The ideal candidate will be responsible for building, operating, and scaling reliable infrastructure platforms. They will work closely with engineering teams to design and implement secure, automated, and highly available systems that enable teams to ship high-quality software efficiently.
Responsibilities:
- Design, build, and operate scalable, secure, and highly available infrastructure and internal platforms.
- Own the platform end-to-end, including architecture, automation, reliability, performance, and cost optimization.
- Collaborate with software engineering teams to enable smooth CI/CD workflows and developer self-service.
- Implement Infrastructure as Code (IaC) to provision and manage cloud and on-prem infrastructure.
- Build and maintain CI/CD pipelines to support fast and reliable deployments.
- Manage containerized workloads and orchestration platforms (Docker, Kubernetes).
- Monitor systems, troubleshoot complex production issues, and lead root cause analysis for incidents.
- Implement observability, logging, alerting, and incident response best practices.
- Drive security, compliance, and best practices across infrastructure and deployment workflows.
- Continuously improve the platform by identifying bottlenecks, reducing toil, and improving developer productivity.
Requirements:
- Strong ownership mindset with the ability to work in a fast-paced, high-availability environment.
- 35+ years of experience in Systems Engineering, DevOps, or Platform Engineering roles.
- Deep expertise in Linux systems, networking, and troubleshooting at scale.
- Strong experience with Infrastructure as Code tools (Terraform, CloudFormation, or equivalent).
- Hands-on experience with CI/CD tools (GitHub Actions, GitLab CI, Jenkins, etc.).
- Solid understanding of containerization and orchestration technologies (Docker, Kubernetes).

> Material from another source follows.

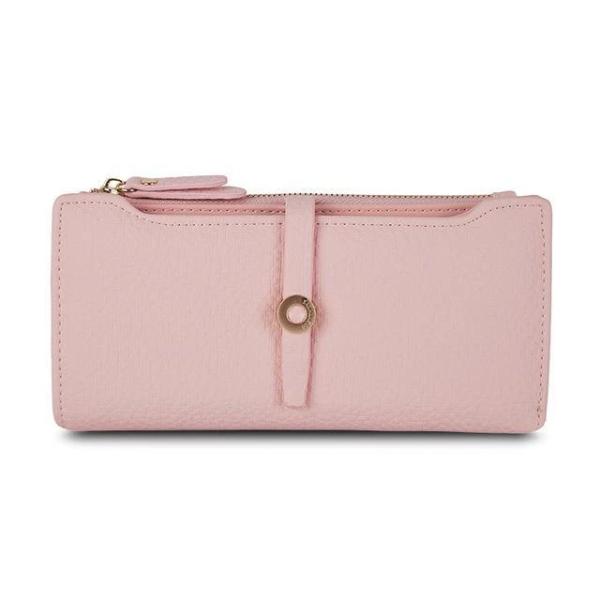 Light Pink slim wallets for women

- Experience working with at least one major cloud provider (AWS / GCP / Azure).
- Proficiency in scripting or programming (Bash, Python, Go preferred).
- Strong communication skills and ability to collaborate with cross-functional teams.
Qualifications:
- Bachelor's degree in Computer Science or equivalent practical experience.
- Experience supporting production systems with high availability and reliability requirements.
- Familiarity with monitoring and observability tools (Prometheus, Grafana, ELK, OpenTelemetry).
- Exposure to security best practices, IAM, secrets management, and incident management.
- Experience working in environments following SRE or DevOps best practices is a plus.